TASK DATA:

----

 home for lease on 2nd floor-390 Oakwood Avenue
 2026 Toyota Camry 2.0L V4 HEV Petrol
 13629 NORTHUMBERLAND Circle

----

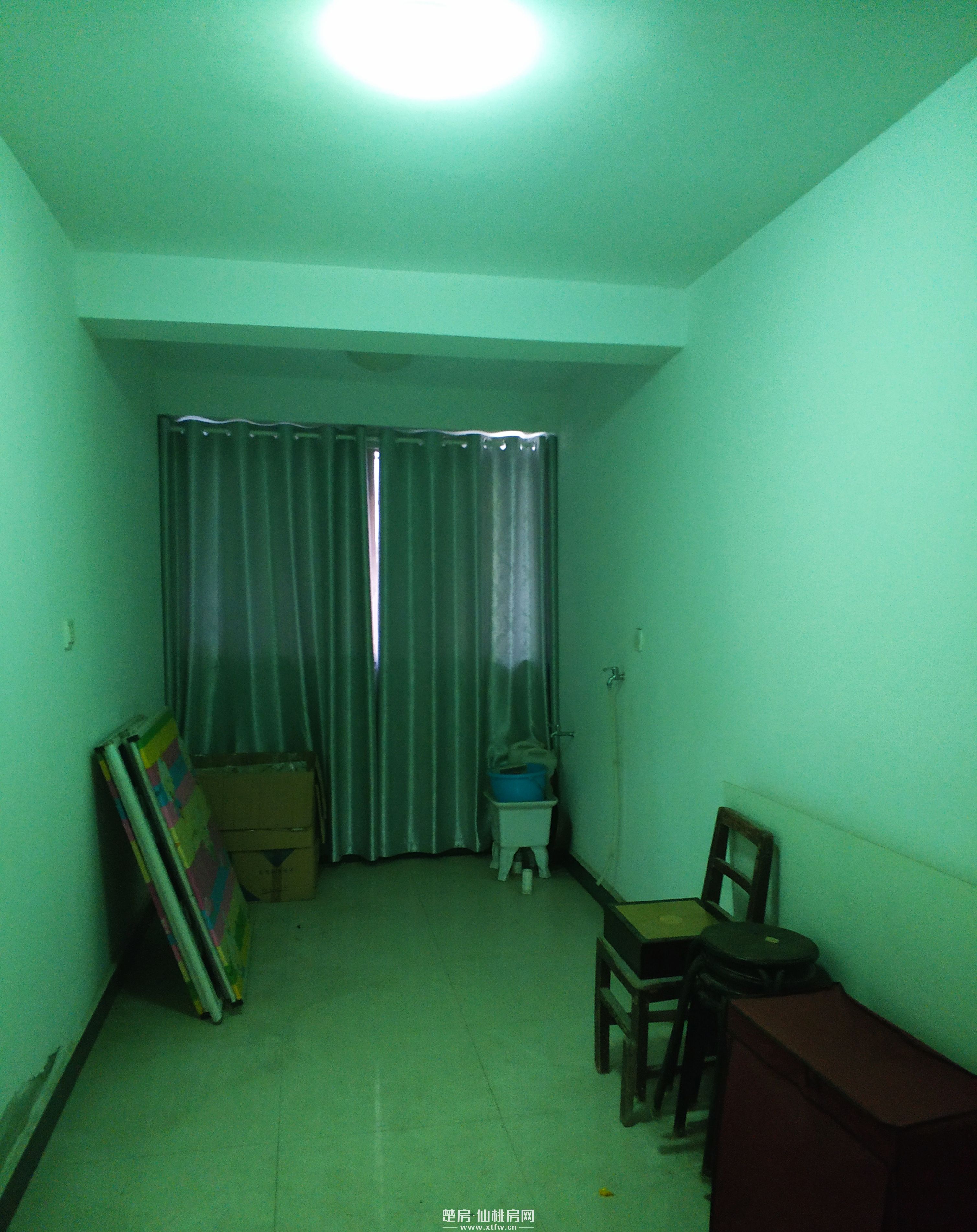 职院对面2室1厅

----

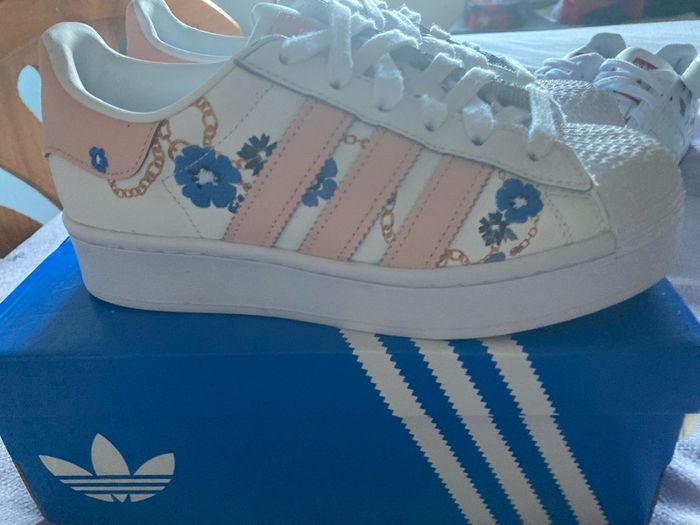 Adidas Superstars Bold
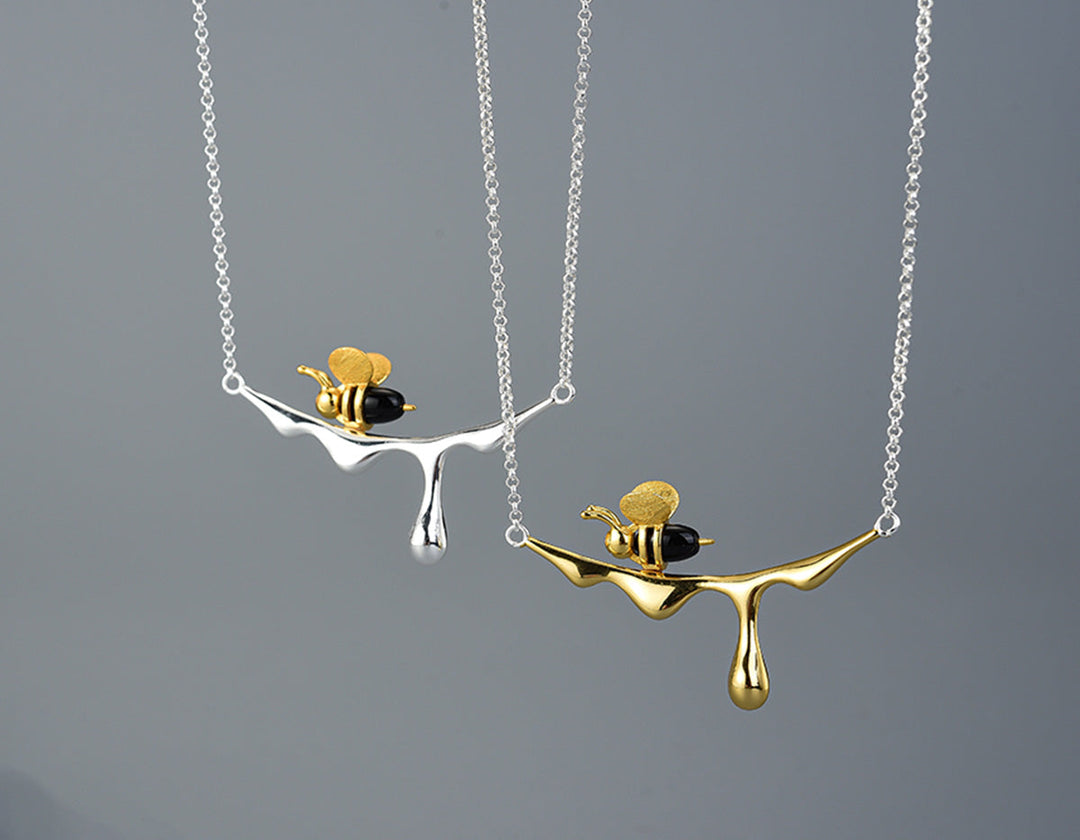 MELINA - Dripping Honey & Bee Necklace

----

WHAT THIS TASK INVOLVES:
For this task, write out exactly the lines of the entries above, starting at the line with "home for lease" and ending at the line with "13629 NORTHUMBERLAND Circle", both included, and no others.

EXERCISE SOLUTION:
 home for lease on 2nd floor-390 Oakwood Avenue
 2026 Toyota Camry 2.0L V4 HEV Petrol
 13629 NORTHUMBERLAND Circle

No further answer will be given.